Syria's Assad makes rare public appearance

In this photo released by the Syrian official news agency SANA, May 1, 2013, President Bashar Assad, right, visits the Umayyad Electrical Station in Damascus.

AMMAN, Jordan Syrian President Bashar Assad made a rare public appearance Wednesday, visiting a Damascus power station just a day after a powerful bomb hit the capital, Syria's state television reported.

The broadcast showed Assad speaking to staff on the occasion of International Workers Day, or May Day, at the Umayyad Electrical Station in the Tishrin Park district. Similar still images also appeared on a page used by the Syrian presidency on the popular social network Facebook.

At least 14 people were killed in the bomb blast on Tuesday -- the second attack in the heart of the capital, Assad's seat of power, in just two days.

There were reports of two more explosions in the Syrian capital on Wednesday. The Al-Arabiya television network reported two blasts near a security headquarters building in the central Bab Masli area of Damascus. CBS News could not immediately confirm the report.

Rebels seeking to topple Assad have been trying to create a supply line from Jordan, so that arms bought by Saudi Arabia and Qatar can be shipped in for assaults on the city they hope to capture.

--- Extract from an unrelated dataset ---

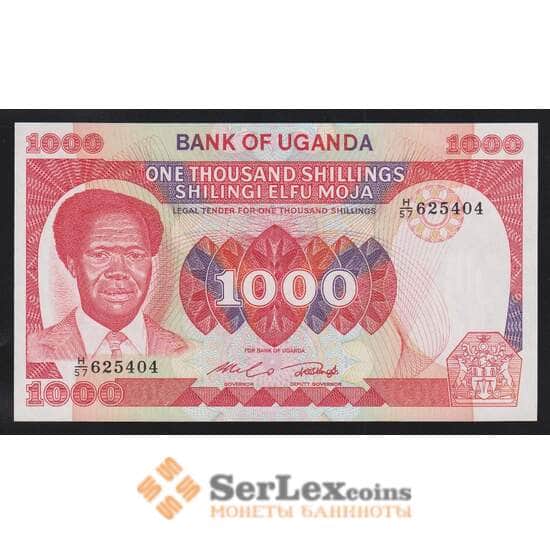 Уганда 1000 шиллингов 1983 Р23а(2) UNC арт. 55929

The television showed Assad, confident and wearing a dark business suit, talking with workers and shaking their hands. Later he is shown encircled by the staff in a garden.

Meanwhile, the Turkey-based Syrian National Coalition, in its first public response, rebuked the leader of Lebanon's Hezbollah militant group, a day after he said that Syrian rebels will not be able to defeat Assad's regime militarily.

Sheik Hassan Nasrallah had warned that Syria's "real friends," including his Iranian-backed militant group, could intervene on the government's side if the need arises.


The coalition said it hoped Hezbollah would stay out of the Syrian war, and urged Lebanon to "control its borders and urgently stop, through all available means, the military operations attributed to Hezbollah in areas close to the Syrian border."

It also blamed Assad's regime for "destroying" religious Muslim and Christian sites.

Hezbollah, a powerful Shiite Muslim group, is known to be backing Syrian government forces in Shiite villages near the Lebanese border against the mostly Sunni rebels fighting to topple Assad. But Nasrallah's comments were the strongest indication yet that his group is ready to intervene more substantially on the side of Assad's embattled regime.

"You will not be able to take Damascus by force and you will not be able to topple the regime militarily. This is a long battle," Nasrallah said, addressing the Syrian opposition. "Syria has real friends in the region and in the world who will not allow Syria to fall in the hands of America or Israel or the Takfiris."

Takfiris is a term used to refer to followers of an al Qaeda-like extremist ideology.

Hezbollah and Iran are close allies of Assad. Rebels have accused both of them of sending fighters to assist Syrian troops trying to crush the 2-year-old anti-Assad uprising, which the U.N. says has killed more than 70,000 people.